Exercise data:
┏━━
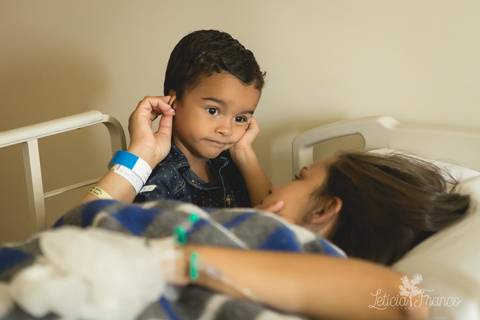 bebê recém nascido newborn maternidade birth nascimento parto cesarea cesáreo brasilia fotografa fotografo fotógrafa brasília df distrito federal baby bebe reborn book melhor leticia franco letícia lua nova art arte foto'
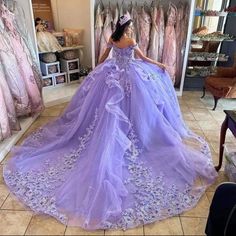 Cute Dresses Quinceanera, Quinceanera Dresses Pastel Purple, 15s Dresses Purple, Lavender Dresses Quinceanera, Sweet 15 Dresses Purple, Quncie Dresses Light Purple, Repunzel Quince Dress, Quinceanera Lilac Dresses, Sofia The First Quinceanera Dress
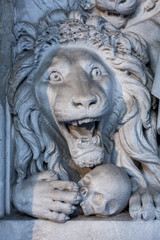 Fototapeta premium Löwenfigur auf Friedhof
┗━━
Task description: Go through the material above and repeat it exactly. Omit the pictures.

Solution for this exercise:
 bebê recém nascido newborn maternidade birth nascimento parto cesarea cesáreo brasilia fotografa fotografo fotógrafa brasília df distrito federal baby bebe reborn book melhor leticia franco letícia lua nova art arte foto'
 Cute Dresses Quinceanera, Quinceanera Dresses Pastel Purple, 15s Dresses Purple, Lavender Dresses Quinceanera, Sweet 15 Dresses Purple, Quncie Dresses Light Purple, Repunzel Quince Dress, Quinceanera Lilac Dresses, Sofia The First Quinceanera Dress
 Fototapeta premium Löwenfigur auf Friedhof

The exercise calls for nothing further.